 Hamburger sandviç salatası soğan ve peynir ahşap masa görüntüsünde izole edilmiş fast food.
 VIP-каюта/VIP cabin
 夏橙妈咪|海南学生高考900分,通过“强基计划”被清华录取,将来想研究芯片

WHAT YOU SHOULD DO:
Exactly as given, repeat each line above.

EXERCISE SOLUTION:
 Hamburger sandviç salatası soğan ve peynir ahşap masa görüntüsünde izole edilmiş fast food.
 VIP-каюта/VIP cabin
 夏橙妈咪|海南学生高考900分,通过“强基计划”被清华录取,将来想研究芯片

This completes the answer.